Einführungsrede von Tal Gat
Einführungsrede von Tal Gat
Leiter der Abteilung Öffentlichkeitsarbeit
der Botschaft des Staates Israel
zum Workshop „Delegitimierung Israels“
auf dem 2. Deutschen Israelkongress am 23. Oktober 2011
Sehr geehrte Damen und Herren,
geschätztes Publikum,
verehrte Referenten,
ich möchte den Organisatoren dafür danken, dass ich zu diesem Anlass sprechen
darf.
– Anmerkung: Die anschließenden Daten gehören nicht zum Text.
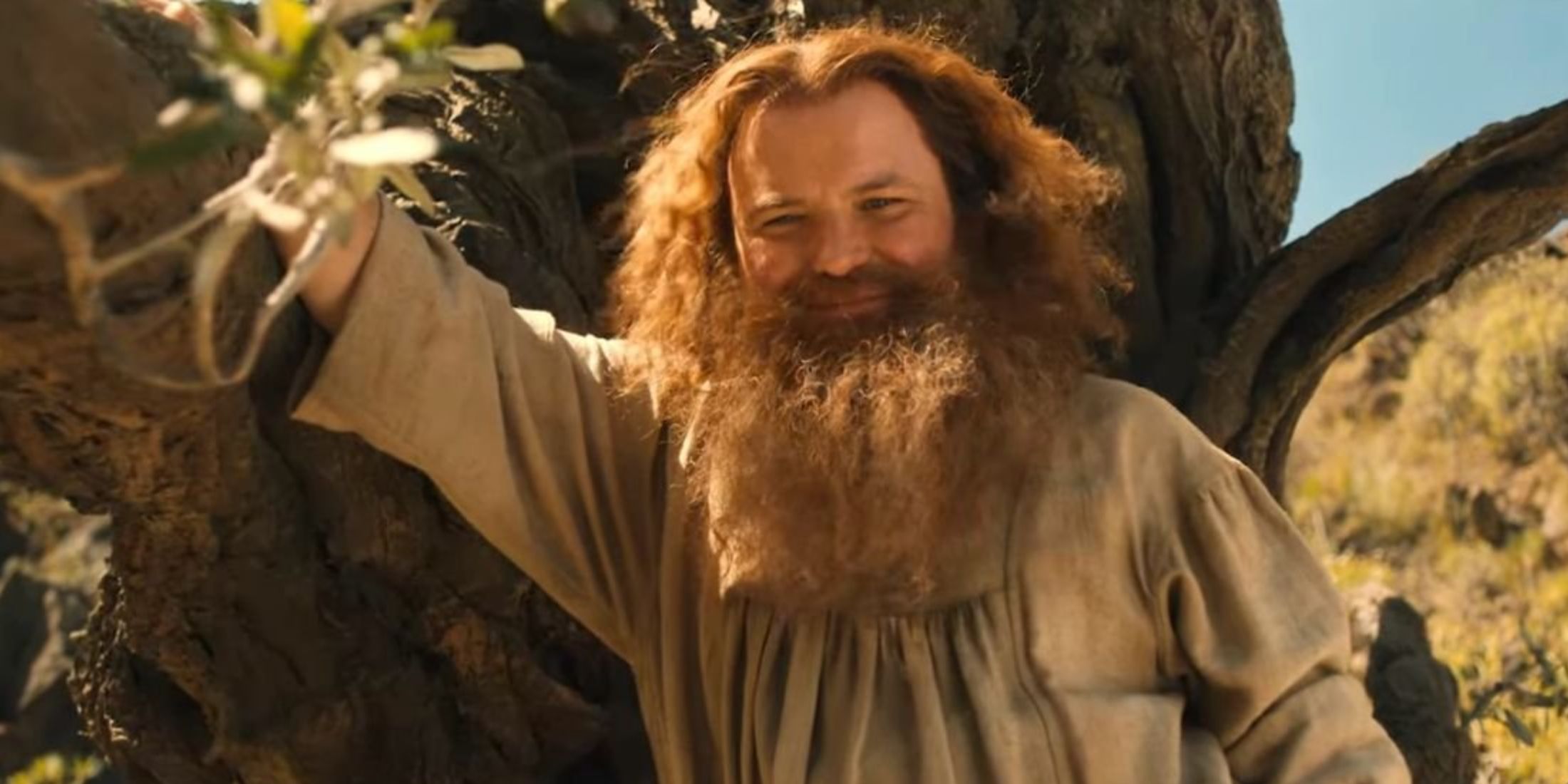 Rory Kinnear as Tom Bombadil smiling in Rings of Power Season 2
Ich springe heute für den respektablen Journalisten Eldad Beck ein, der heute
nicht mit uns hier sein kann, und versuche, das Thema von jener Perspektive aus zu
beleuchten, mit der ich zu tun habe.
Seit August 2011 bin ich Leiter der Öffentlichkeitsarbeit in der israelischen Botschaft
und versuche, sowohl das facettenreiche Bild meines Landes, als auch Israels
Argumente zu vermitteln.
Hierbei ist zu beobachten, dass sich ein neuer Trend unter den so genannten
„Israelkritikern“ entwickelt, der Israels jüdischen Charakter ablehnt, die
Charakterisierung „jüdisch“ und „demokratisch“ anzweifelt, historische Fakten fälscht,
notorisch stereotype und verunglimpfende Begriffe verwendet um Israel zu
beschreiben, jeden Schritt angreift, den Israel zur Selbstverteidigung unternimmt,
mörderische Terrorakte gegen Zivilisten legitimiert und so weiter und so fort.
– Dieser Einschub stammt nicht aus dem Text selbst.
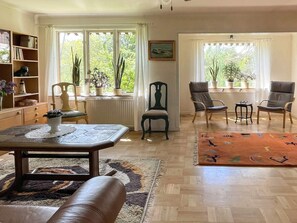 A living room with a wooden floor, a brown leather sofa, a coffee table, two armchairs, a bookshelf, and a window with plants. - 5 Person Holiday Home in Gunnebo (Gunnebo)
Für den Laien entsteht so ein Bild eines dämonischen, gnadenlosen und grausamen
Staates. Indem sie so viele Unterstützer wie möglich für diese Behauptungen
gewinnen, zielen diese „Israelkritiker“ darauf ab, Israels Ansehen zu schädigen und
so sein Existenzrecht in Frage zu stellen. An dieser Stelle überschreiten sie
allerdings das Maß, Israel fair und konstruktiv zu kritisieren und ihr Bestreben in allen
Lebens- und Alltagsbereichen, Israel zu diffamieren, wird unter dem folgenden Begriff
zusammengefasst: der Delegitimierungskampagne.
Die Delegitimierung führt jene Gruppen von Menschen zusammen, die sich über
nichts verständigen können, als darüber, Israel zu verteufeln: Die extreme Rechte,
Linke und Islamisten. Es zieht auch Unterstützer aus der Mitte der Gesellschaft an –
Leute, die „in“ oder „fortschrittlich“ – in die eine oder andere Richtung – erscheinen
wollen.
Die Delegitimierung selbst steht dabei nicht im Vordergrund, sondern harmlose,
angeblich selbstlose, universelle Themen, bei deren Diskussion allerdings
ausschließlich Israel angeklagt wird.
Es handelt sich zum Beispiel um Diskussionen über etwas Unschuldiges wie die
Menschenrechte. Schnell wird Israel ihrer Missachtung bezichtigt, doch gleichzeitig
werden Israels Sicherheitsbefürchtungen und der radikale Islam ignoriert und Israels
jüdischer und demokratische Charakter unterminiert. Die rechtsstaatlichen Strukturen
in Israel, die in einer solchen Diskussion für den Angeklagten sprechen, werden
systematisch ignoriert.
Nathan Sharansky hat einen Begriff geschaffen, den man eigentlich aus dem Kino
kennt, um diese Diffamierungsbemühungen zu definieren: die „3 Ds“ –
Dämonisierung, Doppelstandard und Delegitimation.
Dämonisierung geschieht durch einseitige Medienberichterstattung, die ungeprüfte
Übernahme der Berichte der Palästinenser und gleichzeitiges Ignorieren oder
Herunterspielen des Leids auf israelischer Seite, um ein Bild zu schaffen, das Israel
als skrupelloses Monster und die Palästinenser als schutzlose Kinder darstellt.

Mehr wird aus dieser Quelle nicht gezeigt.